White, tough, not bright but dogged. How, for Chrissake, had they even known he was in New Orleans? What could Verna have that they wanted? Were they bird-dogging him to her, or trying to beat him to her? And how to shake them, notify Kearny of the tail, call Corinne to say he loved her...

Then he got a break. He noted, without seeming to, that his Boston flight would depart half an hour late. Gave him time to shake them. First, to the National Airlines desk on the second floor of the bright new modern building, for a one-way ticket to Miami on a flight leaving in three hours. Next, to an arcade restaurant with a second entrance from the corridor through the men’s room. Then, a table by the window to order a steak, pie, and coffee, with a three-minute discussion about the wine he would order.

While waiting for his supper, he went to the men’s room. The door, as he swung it open, reflected the images of his two tough-faced tails just settling down at the counter with coffee and pecan pie.

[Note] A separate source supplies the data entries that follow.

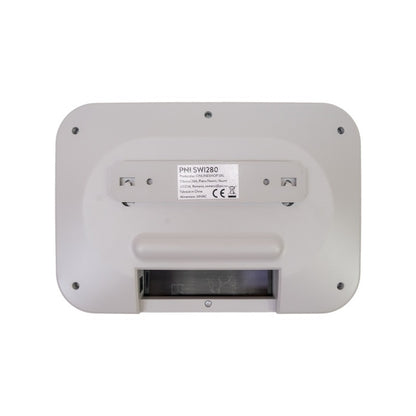 Programator inteligent pentru irigare PNI SWI280, Wi-Fi, pentru 8 zone, control din Tuya Smart, compatibil cu Amazon Alexa si Google Home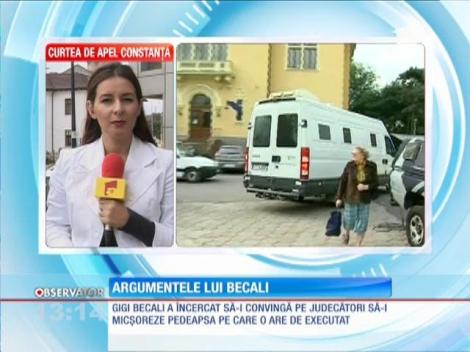 Gigi Becali a încercat să-i convingă pe judecători să-i scurteze pedeapsa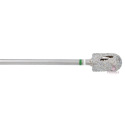 Diamond-coated Mega large burr for thick calluses Hybrid Twister Busch Diameter of your choice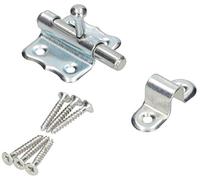 KOTARBAU® - Verrou de porte - 30 mm - Verrou de serrure - Verrou coulissant - Verrou de portail - Verrou de meuble - Verrou à pêne - Verrou à boulon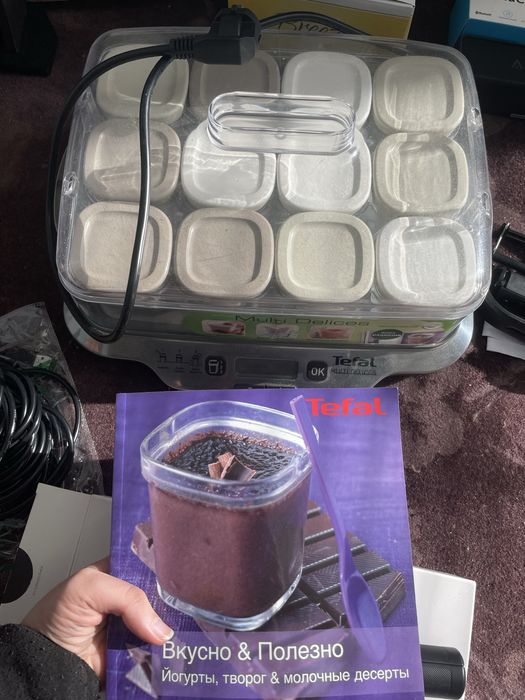 йогуртниця tefal 12 шт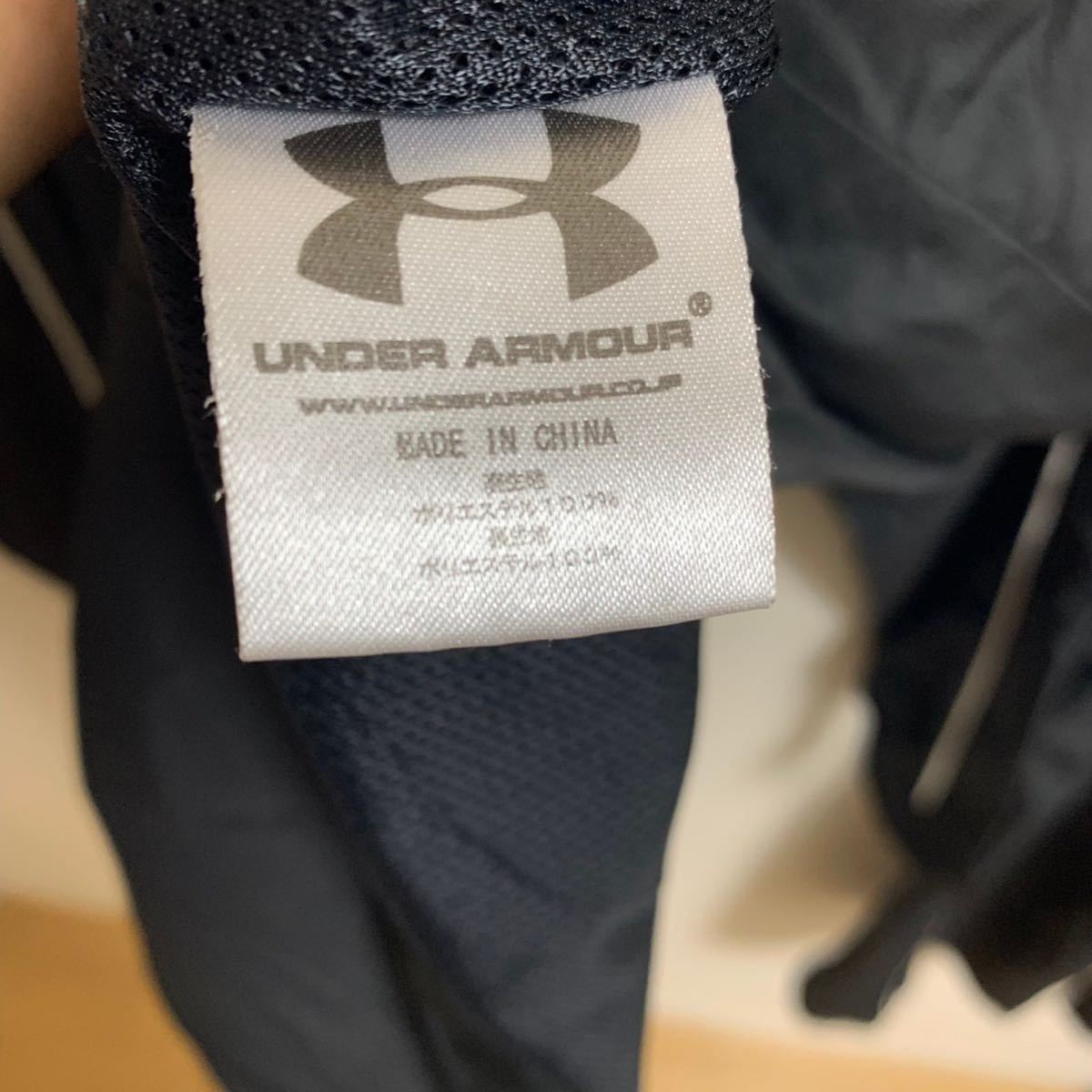 海外 正規品】 ウインドブレーカー 裏地メッシュ ARMOUR 【XL】UNDER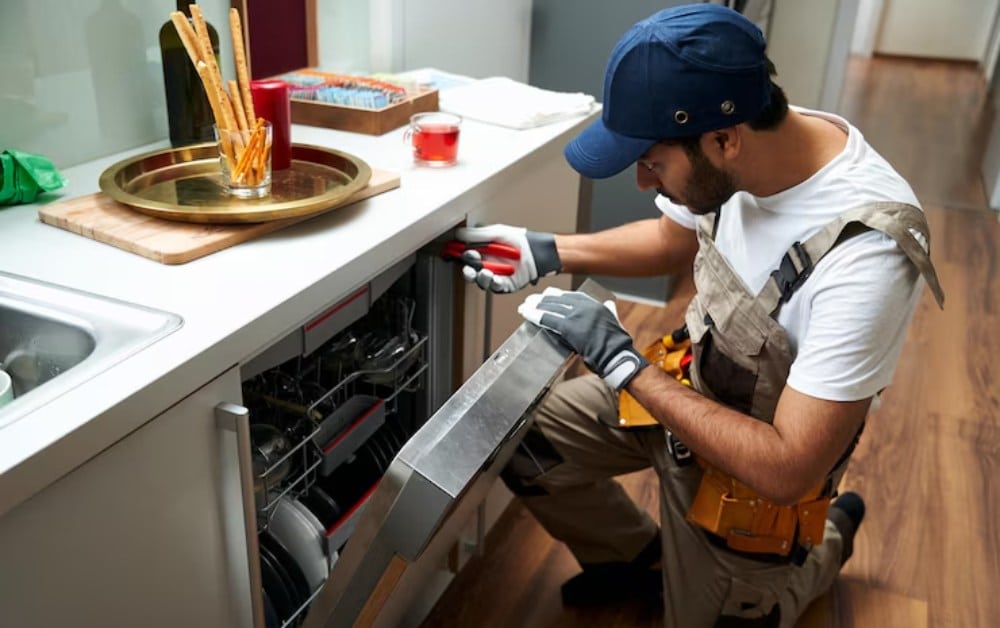 Dishwasher Maintenance: Clean the Filter Regularly
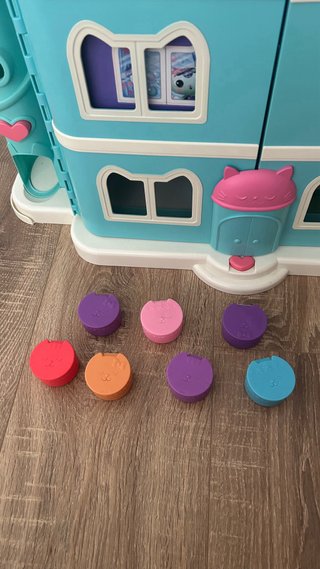 Casita de muñecas Gabby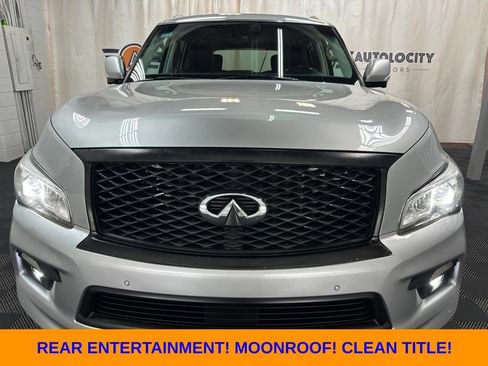 Used 2017 INFINITI QX80 4WD image 3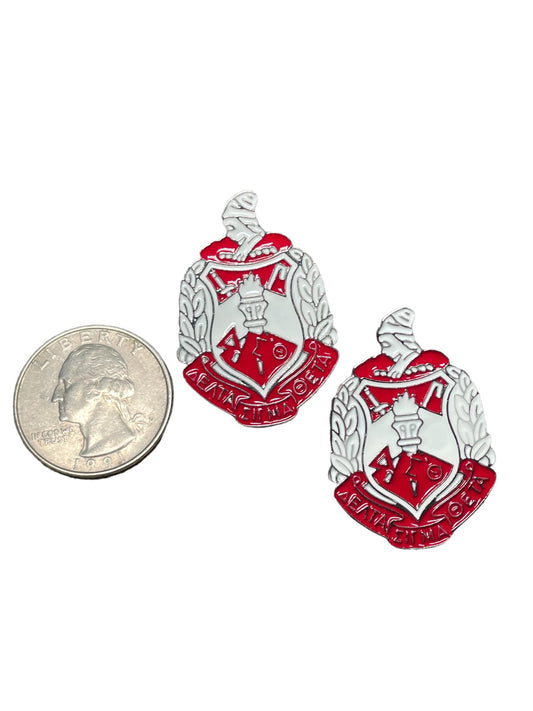 Delta Crest Earrings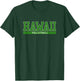 Hawaii Volleyball T-Shirt - T-Shirt | Forest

No, not bright. Not bright at all.

At Eastern he picked up the ticket he’d ordered that afternoon by phone, and made it through the airport security and onto the Boston-bound plane with a full sixty seconds before departure time. He slept most of the way to big, empty, echoing Logan International, where he found a pay phone from which to call Corinne. He gave a jaw-creaking yawn as he waited: at least he’d hit Boston clean.

“This is your handsome charming prince checking in,” he said.

“Bart!” Her voice became elaborately casual. “I thought I’d hear from you last night.”

“I’m sorry honey, it’s been a couple of hectic days.”

“Hectic days with Fleur?” She couldn’t keep the sudden venom out of her voice. Heslip’s mind raced against frightening thoughts.

“How in hell did you hear about Fleur?”

“So you did sleep with her!” she cried in despairing triumph. And hung up. And wouldn’t answer repeated rings. Damn, damn.